EXAMPLE 7.14 In a normal adult, the average speed of the blood through the aorta (radius r = 0.8 cm) is 0.33 ms–1. From the aorta, the blood goes into major arteries, which are 30 in number, each of radius 0.4 cm. Calculate the speed of the blood through the arteries.
Solution
\[a_1 v_1 = 30\ a_2 v_2 ⇒ π r_1^{2} v_1 = 30 π r_2^{2} v_2 \] \[v_2 = \frac{1}{30} (\frac{r_1}{r_2})^{2} v_1\] \[⇒ v_2 = \frac{1}{30} \times (\frac{0.8 \times {10}^{-2}m}{0.4 \times {10}^{-2}m})^{2} \times ({0.33 ms^{-1}})\] \[v_2 =0.044 ms^{-1}\]Pressure, kinetic and potential energy of liquids
A liquid in a steady flow can possess three kinds of energy. They are (1) Kinetic energy, (2) Potential energy, and (3) Pressure energy, respectively.
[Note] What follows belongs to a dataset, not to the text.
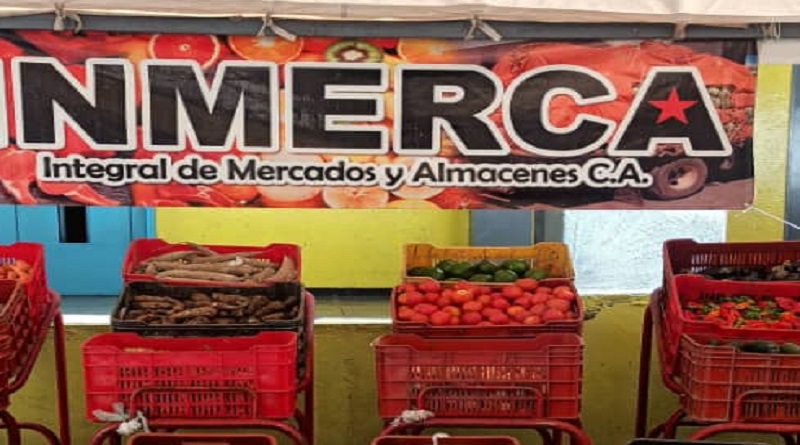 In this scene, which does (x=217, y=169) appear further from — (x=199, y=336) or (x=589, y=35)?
(x=589, y=35)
- Kinetic energy: The kinetic energy of a liquid of mass m moving with a velocity v is given by
The kinetic energy per unit mass = \[\frac{KE}{m} = \frac{\frac{1}{2} mv^{2}}{m} = \frac{1}{2}v^{2}\]
Similarly, the kinetic energy per unit volume \[\frac{KE}{volume} = \frac{\frac{1}{2} mv^{2}}{V} = \frac{1}{2} \ (\frac{m}{V})v^{2} = \frac{1}{2}ρv^{2}\]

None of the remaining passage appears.